The energy is there and so is the wire.
All you need to do is catch it and put it in the wire and the province will guarantee you a subsidized rate for 15 years.
But there’s two big caveats on the offer.
First you have clean up the mess left by the last company that tried.
The province is requiring any responders to a call for tenders to take over Berth D at the Fundy Ocean Research Centre for Energy pony up a $4.5 million security for the removal of the 1,300-tonne turbine abandoned at the site.
Another caveat is that you have to figure out how to get the energy out of the water hauled through the Minas Passage by the tide.
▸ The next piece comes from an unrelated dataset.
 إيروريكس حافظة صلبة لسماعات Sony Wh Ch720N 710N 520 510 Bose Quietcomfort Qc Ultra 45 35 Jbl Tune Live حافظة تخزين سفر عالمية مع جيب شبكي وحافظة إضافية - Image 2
So far no one has been successful.
And finally you need to find someone to lend you money to build this machine.
Despite hundreds of millions of dollars in private and government money being spent since Minas Basin Pulp and Power was awarded the contract to lead the development of FORCE in 2008, there has yet to be successful turbine sending power ashore at the site near Parrsboro.
The great promise of instream tidal to harness the estimated 7,000 megawatts of energy propelling the 14-billion tonnes of water back and forth through the Minas Passage remains an expensive dream.
“FORCE is a powerful site and there’s definitely been some learning over past 10 years to move the bar forward,” said Lindsay Bennett, operations manager at FORCE on Thursday.
“Another big milestone will be having an operational turbine at the FORCE site.”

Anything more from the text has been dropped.